• [WORK INSTRUCTION]
Retype the data that follows line by line, exactly, and leave its pictures out.

• [RECORD SET]
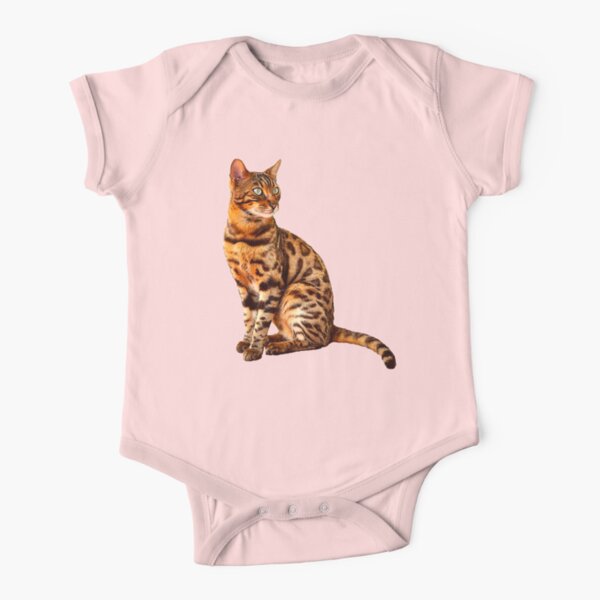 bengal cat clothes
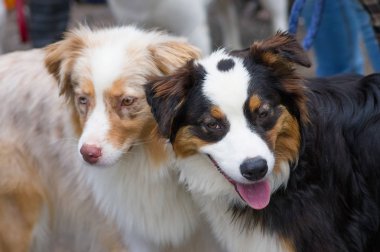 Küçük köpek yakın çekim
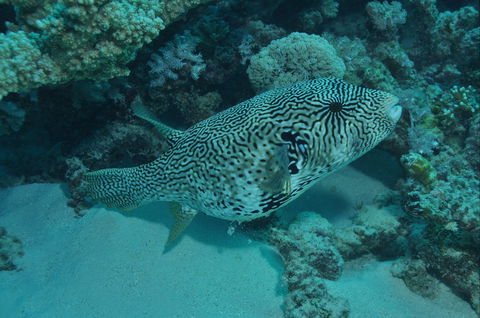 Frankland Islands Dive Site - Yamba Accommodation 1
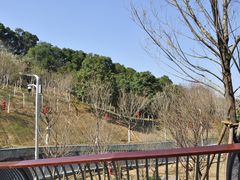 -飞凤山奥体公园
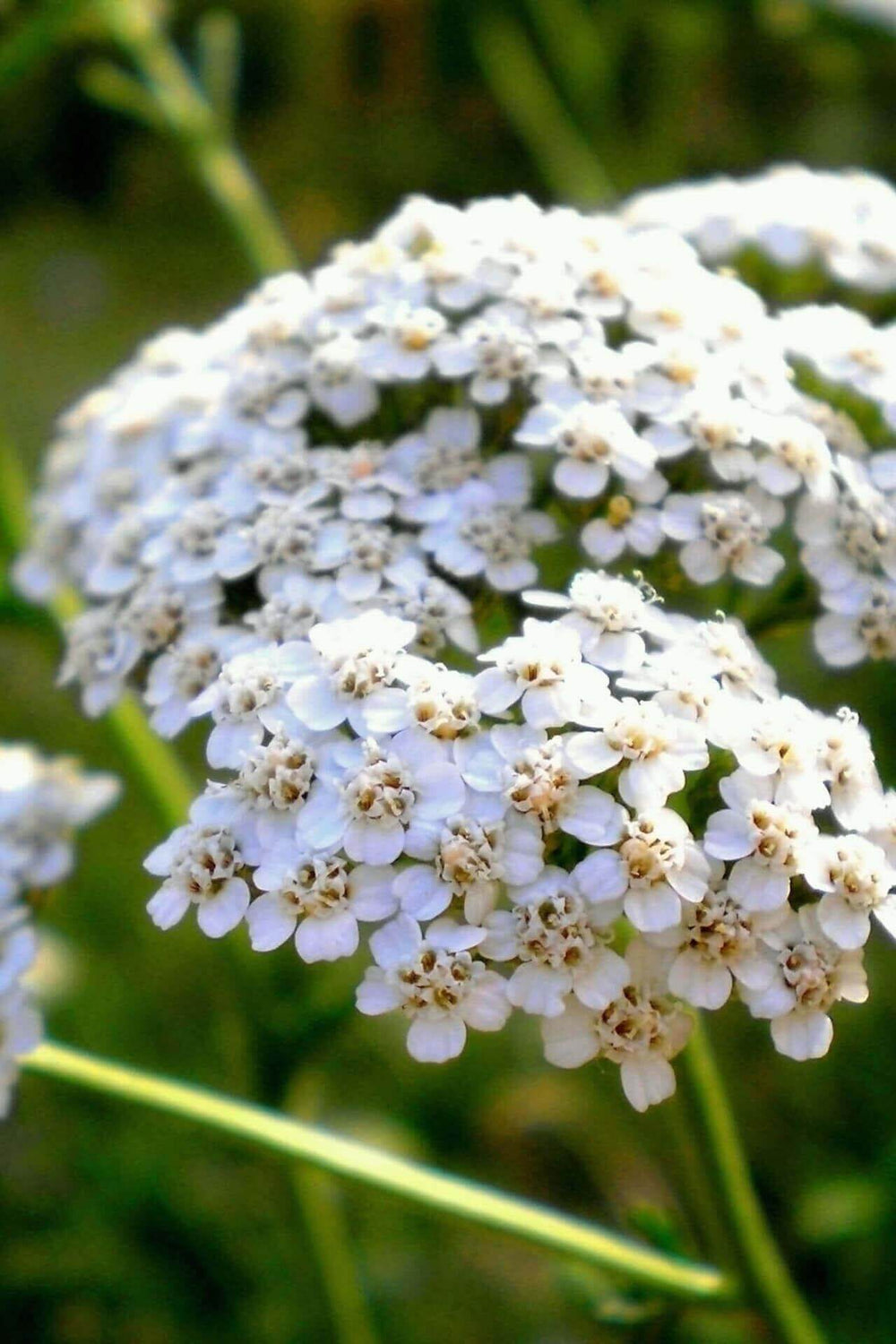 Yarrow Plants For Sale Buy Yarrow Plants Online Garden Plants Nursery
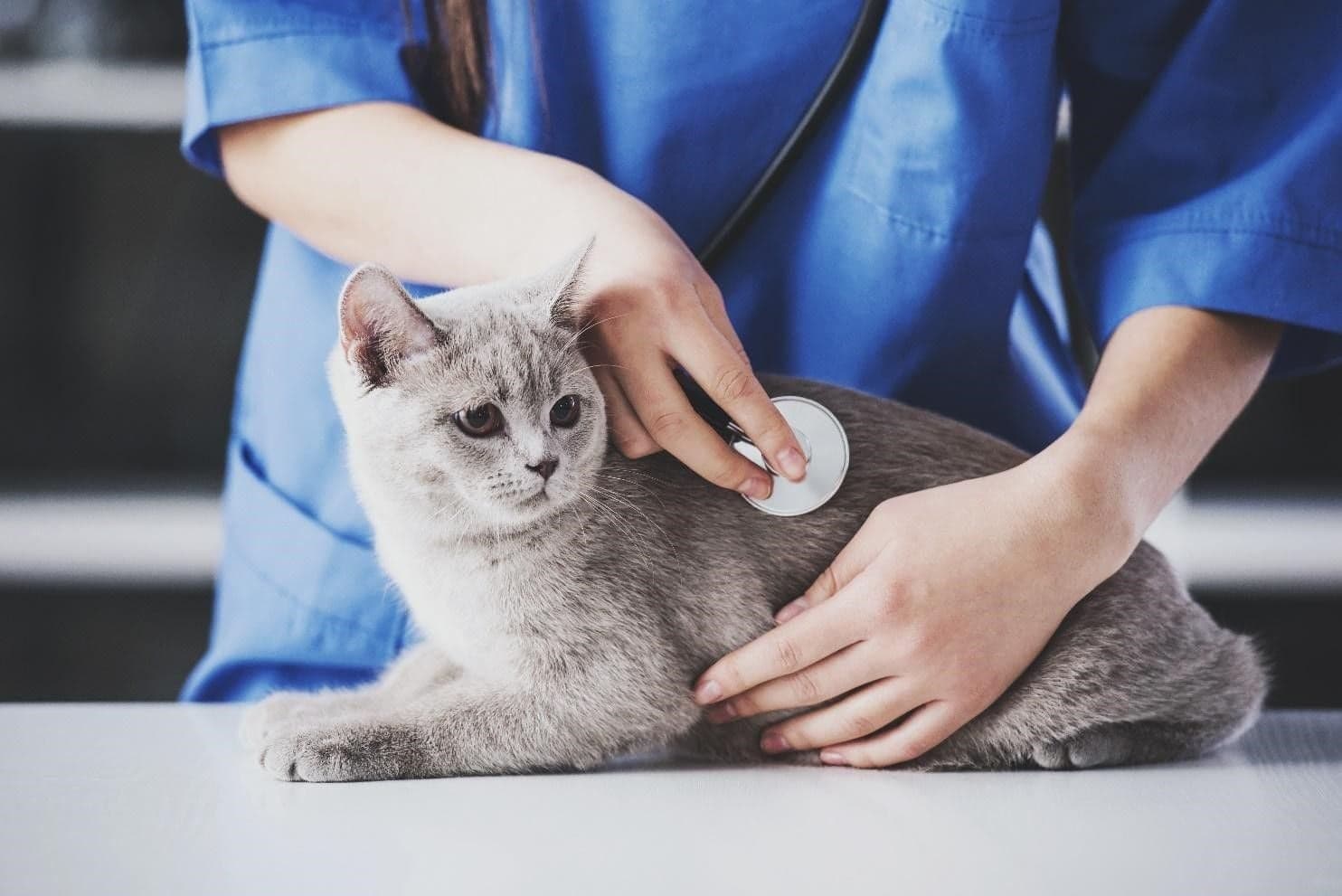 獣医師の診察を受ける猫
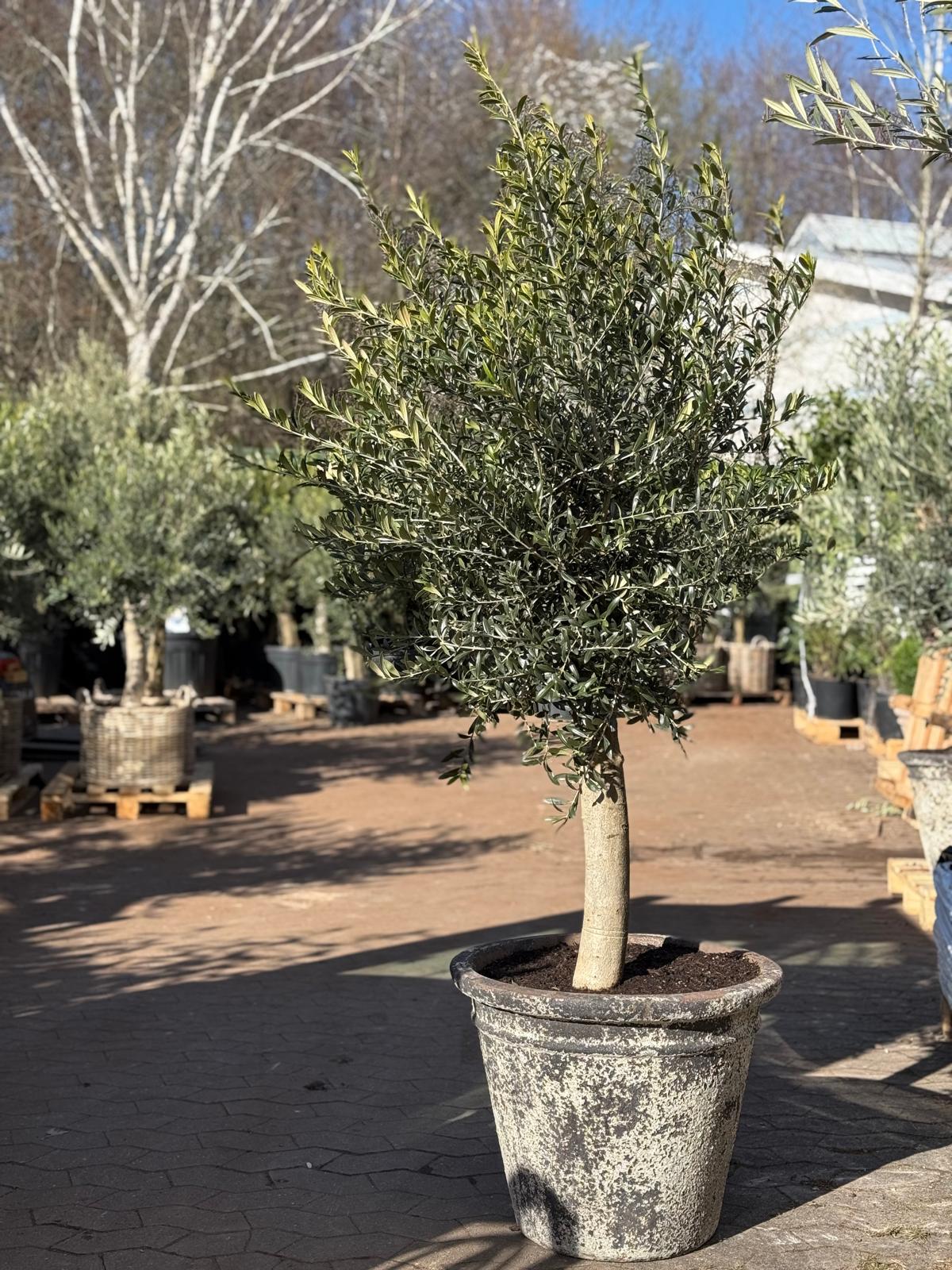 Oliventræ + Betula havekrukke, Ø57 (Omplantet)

• [RESPONSE]
 bengal cat clothes
 Küçük köpek yakın çekim
 Frankland Islands Dive Site - Yamba Accommodation 1
 -飞凤山奥体公园
 Yarrow Plants For Sale Buy Yarrow Plants Online Garden Plants Nursery
 獣医師の診察を受ける猫
 Oliventræ + Betula havekrukke, Ø57 (Omplantet)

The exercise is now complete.